§ GIVEN INFORMATION
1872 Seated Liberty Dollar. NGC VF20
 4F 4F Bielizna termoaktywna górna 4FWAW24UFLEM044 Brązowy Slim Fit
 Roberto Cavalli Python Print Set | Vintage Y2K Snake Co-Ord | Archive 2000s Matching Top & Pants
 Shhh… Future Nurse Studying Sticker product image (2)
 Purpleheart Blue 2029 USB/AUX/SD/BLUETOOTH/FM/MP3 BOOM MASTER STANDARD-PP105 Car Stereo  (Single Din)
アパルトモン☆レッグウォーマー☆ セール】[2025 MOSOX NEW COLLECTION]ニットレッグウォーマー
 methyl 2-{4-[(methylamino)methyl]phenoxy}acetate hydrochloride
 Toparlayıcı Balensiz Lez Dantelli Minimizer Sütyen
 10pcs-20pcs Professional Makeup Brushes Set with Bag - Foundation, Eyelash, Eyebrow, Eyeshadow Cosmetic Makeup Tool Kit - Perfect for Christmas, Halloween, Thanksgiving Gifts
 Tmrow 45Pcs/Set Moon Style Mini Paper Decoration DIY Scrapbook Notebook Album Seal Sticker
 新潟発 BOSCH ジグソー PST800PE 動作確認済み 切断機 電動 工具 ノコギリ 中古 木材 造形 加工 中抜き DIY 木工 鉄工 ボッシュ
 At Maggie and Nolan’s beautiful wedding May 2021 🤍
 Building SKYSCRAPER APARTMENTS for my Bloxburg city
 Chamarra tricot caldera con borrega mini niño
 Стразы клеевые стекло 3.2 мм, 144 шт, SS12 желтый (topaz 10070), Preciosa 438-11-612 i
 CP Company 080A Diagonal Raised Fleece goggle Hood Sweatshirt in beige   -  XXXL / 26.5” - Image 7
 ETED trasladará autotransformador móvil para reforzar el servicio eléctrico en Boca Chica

§ WORK TO BE COMPLETED
Scan the lines above for the word "Sticker", then copy each line that has it.

§ WRITTEN SOLUTION
 Shhh… Future Nurse Studying Sticker product image (2)
 Tmrow 45Pcs/Set Moon Style Mini Paper Decoration DIY Scrapbook Notebook Album Seal Sticker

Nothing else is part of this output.